Work to complete: Could you restate word for word each line from the top of the listing below through the line containing "Another way to"? Keep the pictures out.

Data extract:
• • • • •
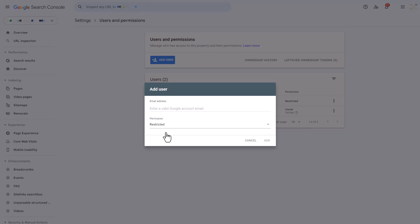If you do want a bigger breakdown on these different permission levels, I will link to the permission table directly from Google so you can see exactly what they're going to gain access to as a full or a restricted user.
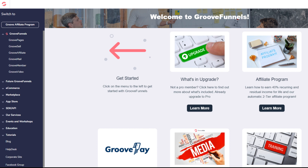Hi guys, this is Phil from FunnelTips.net. I'm just going to do a quick video today on GrooveFunnels review and pricing. So if you've been looking for a method to save money on your digital marketing costs, or to improve your automation online to save you even more money, then this is just the video for you.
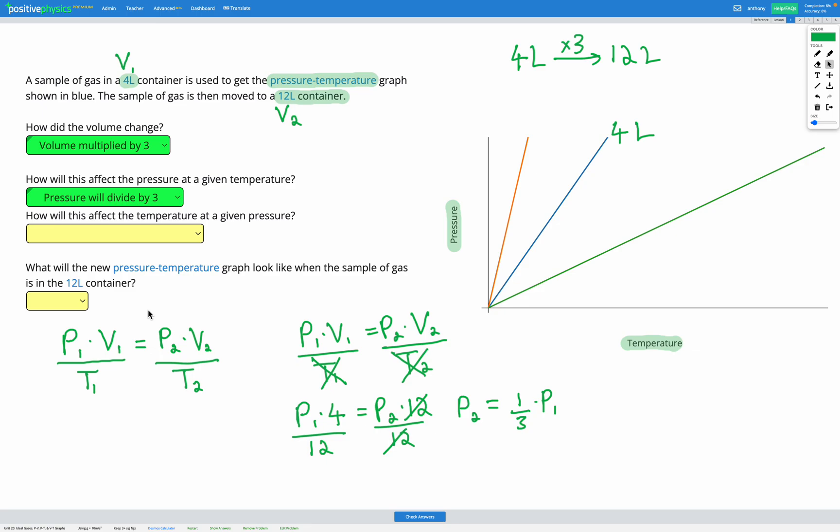Another way to think about that is: at constant temperature, pressure and volume are inversely proportional — if volume decreases, pressure increases, and vice versa. This makes sense logically because in a bigger container, particles are more spread out so pressure is less. So multiplying the volume by 3 divides the pressure by 3 at a given temperature, because the particles are three times more spread out.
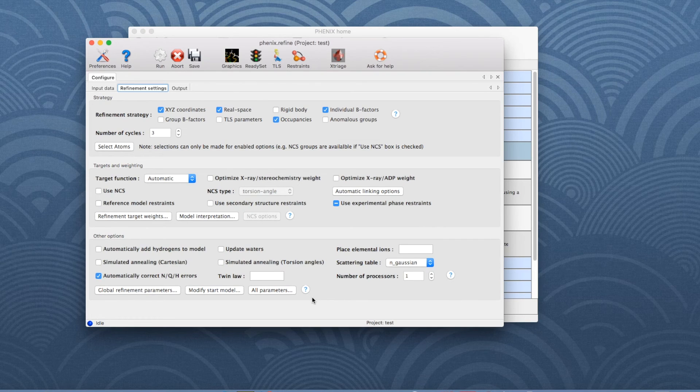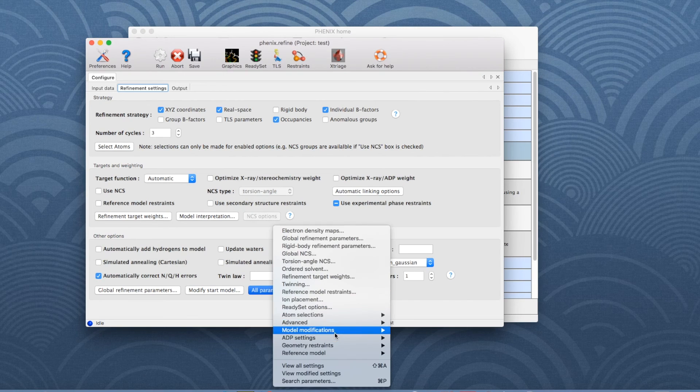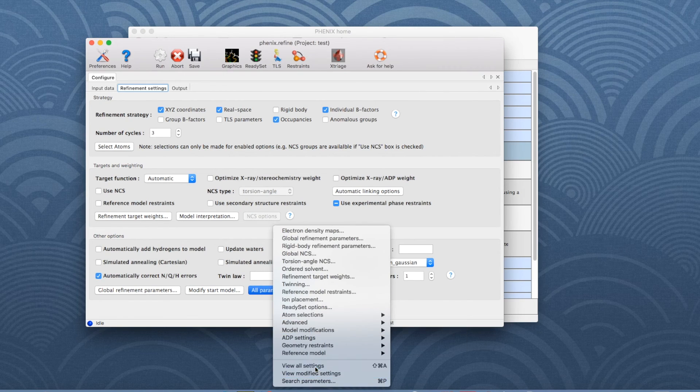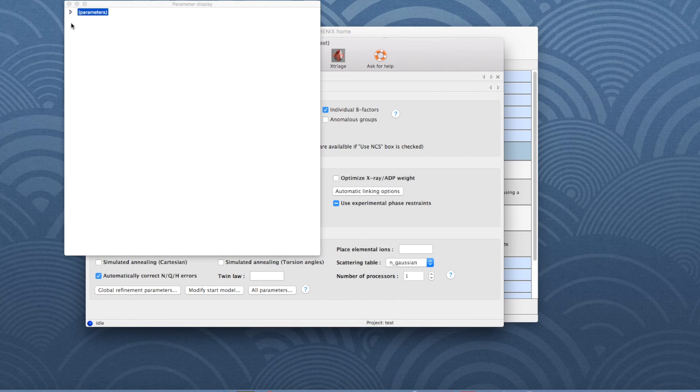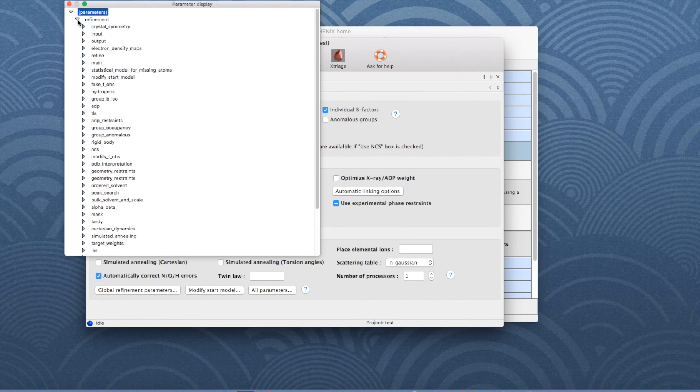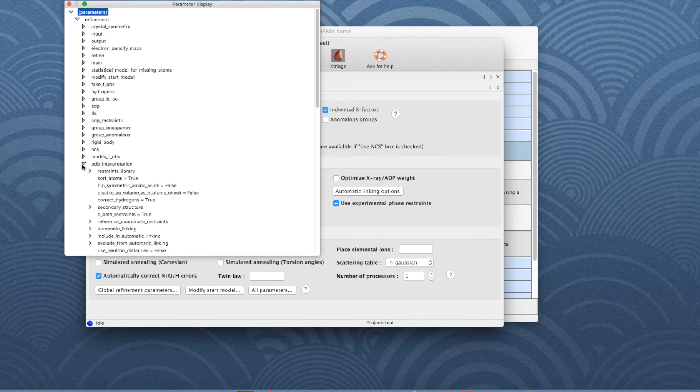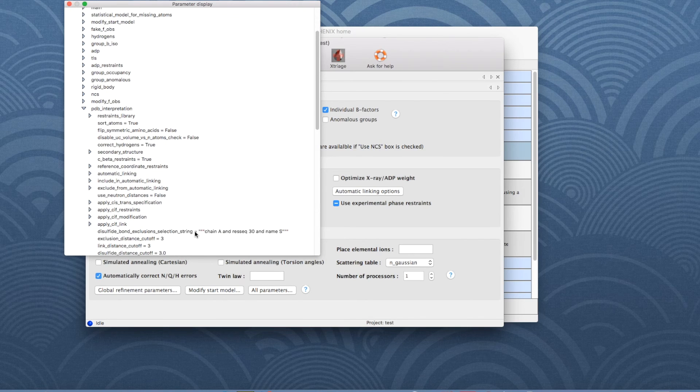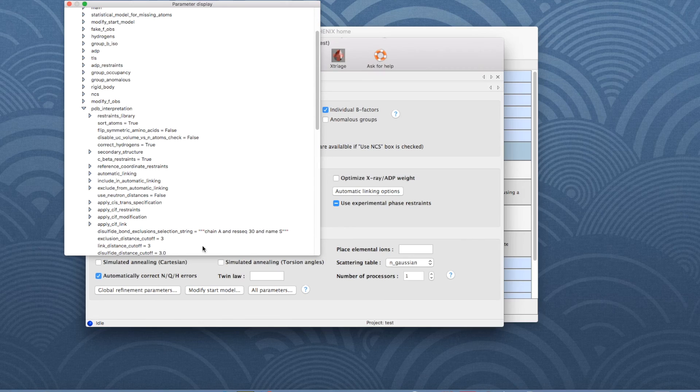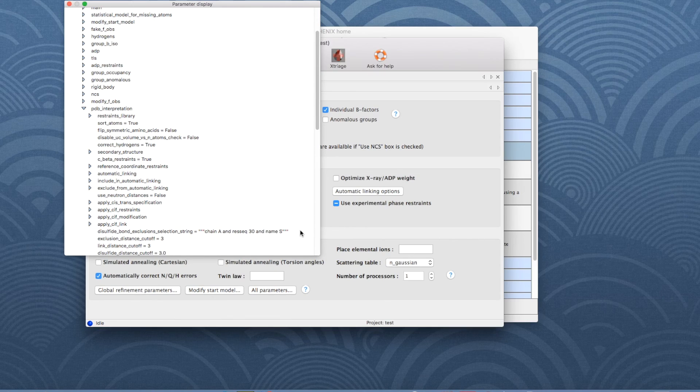If you want to check if the parameter was changed, click on All Parameters and choose View All Settings in the drop-down menu. Our keyword is found under PDB Interpretation. The default value was indeed changed to the selection string I typed previously.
• • • • •
Worked solution:
If you do want a bigger breakdown on these different permission levels, I will link to the permission table directly from Google so you can see exactly what they're going to gain access to as a full or a restricted user.
Hi guys, this is Phil from FunnelTips.net. I'm just going to do a quick video today on GrooveFunnels review and pricing. So if you've been looking for a method to save money on your digital marketing costs, or to improve your automation online to save you even more money, then this is just the video for you.
Another way to think about that is: at constant temperature, pressure and volume are inversely proportional — if volume decreases, pressure increases, and vice versa. This makes sense logically because in a bigger container, particles are more spread out so pressure is less. So multiplying the volume by 3 divides the pressure by 3 at a given temperature, because the particles are three times more spread out.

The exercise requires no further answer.